[Caption-style text data]

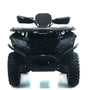 CYBER ROAMER 250 EFI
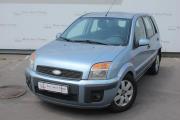 Ford Fusion I Рестайлинг Воронеж  - изображение 14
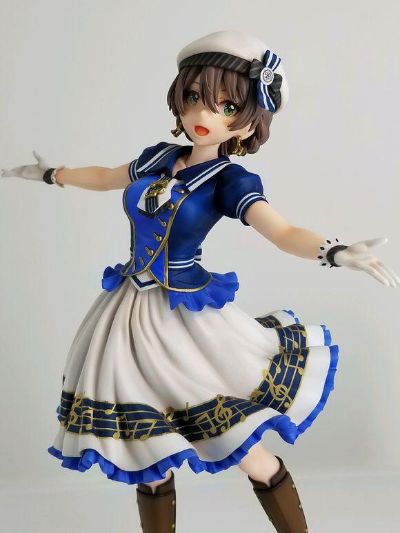 偶像大师 MILLION LIVE! 樱守歌织 音乐交织的世界ver.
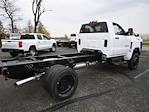 New 2024 Chevrolet Silverado 5500 Work Truck Regular Cab 4x4, Cab Chassis for sale #HCV242439 - photo 11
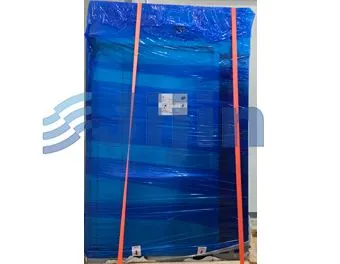 USED axcelis Paradlgm XE High Energy Ion Implantation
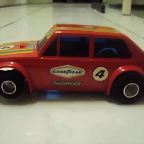 Fiat 147 Rojo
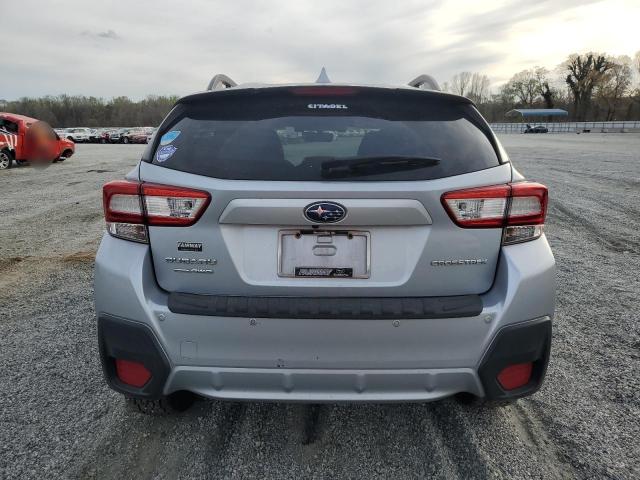 2018 SUBARU CROSSTREK - JF2GTAMC8JH283154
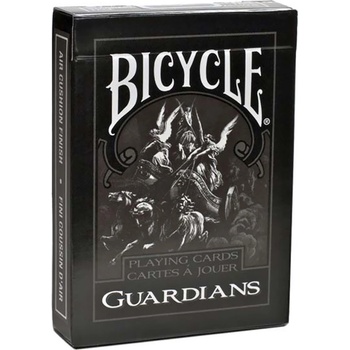 USPCC Bicycle Guardians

### [Work instructions]
The records above are to be restated word for word, with every picture left out.

### [Answer section]
 CYBER ROAMER 250 EFI
 Ford Fusion I Рестайлинг Воронеж  - изображение 14
 偶像大师 MILLION LIVE! 樱守歌织 音乐交织的世界ver.
 New 2024 Chevrolet Silverado 5500 Work Truck Regular Cab 4x4, Cab Chassis for sale #HCV242439 - photo 11
 USED axcelis Paradlgm XE High Energy Ion Implantation
 Fiat 147 Rojo
 2018 SUBARU CROSSTREK - JF2GTAMC8JH283154
 USPCC Bicycle Guardians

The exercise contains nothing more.